» DESCRIPTION OF THE TASK
Once you reach the line that holds "Specie Giraffa camelopardalis" in the listing below, output it and every line after it through the line that holds "How To Identify Species Of Palm Trees", word for word.

» DATA TO PROCESS
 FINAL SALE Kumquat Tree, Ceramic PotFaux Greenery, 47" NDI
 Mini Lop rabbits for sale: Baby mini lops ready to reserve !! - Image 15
--
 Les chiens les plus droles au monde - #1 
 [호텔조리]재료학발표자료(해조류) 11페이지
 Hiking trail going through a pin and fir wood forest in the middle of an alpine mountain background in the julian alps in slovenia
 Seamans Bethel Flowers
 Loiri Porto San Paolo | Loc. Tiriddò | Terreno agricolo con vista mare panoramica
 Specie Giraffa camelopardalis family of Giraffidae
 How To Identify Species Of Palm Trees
==
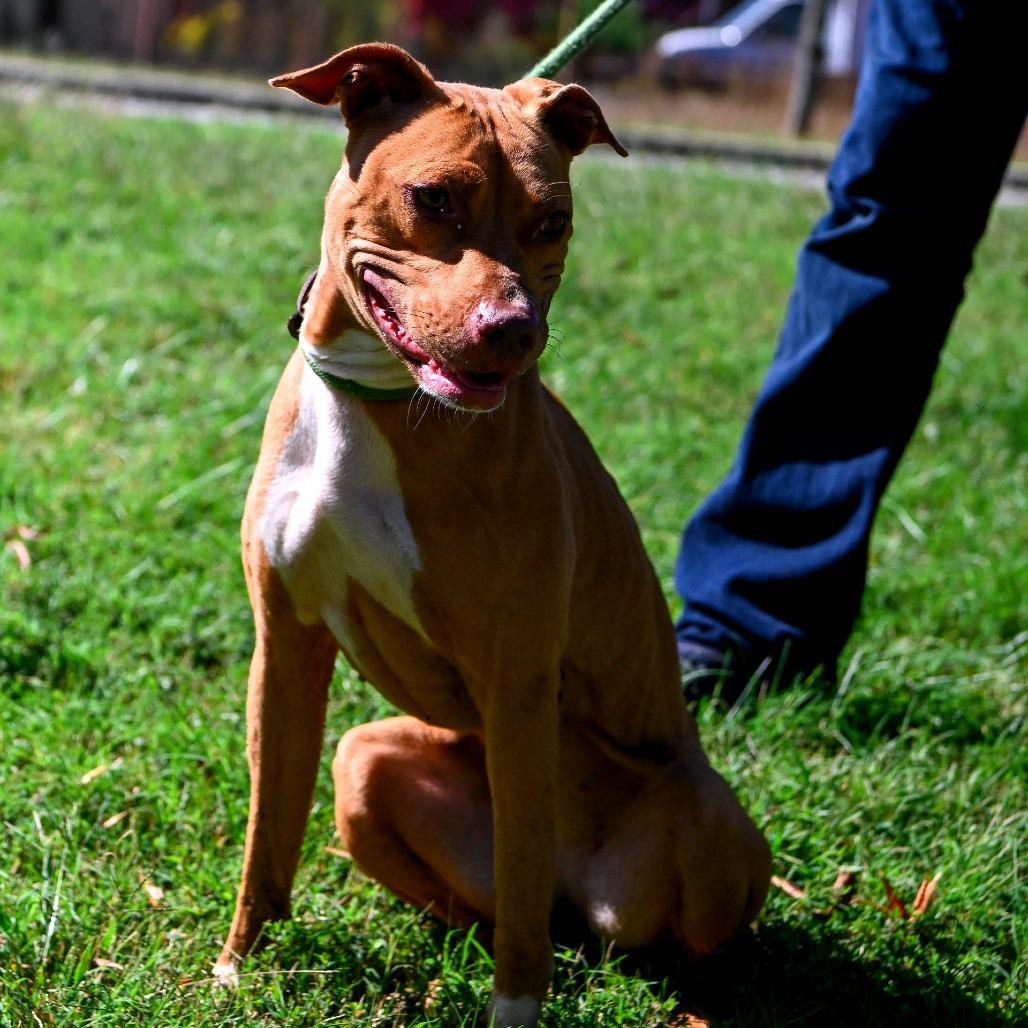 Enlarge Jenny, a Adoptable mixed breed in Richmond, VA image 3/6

» SOLUTION TO THIS TASK
 Specie Giraffa camelopardalis family of Giraffidae
 How To Identify Species Of Palm Trees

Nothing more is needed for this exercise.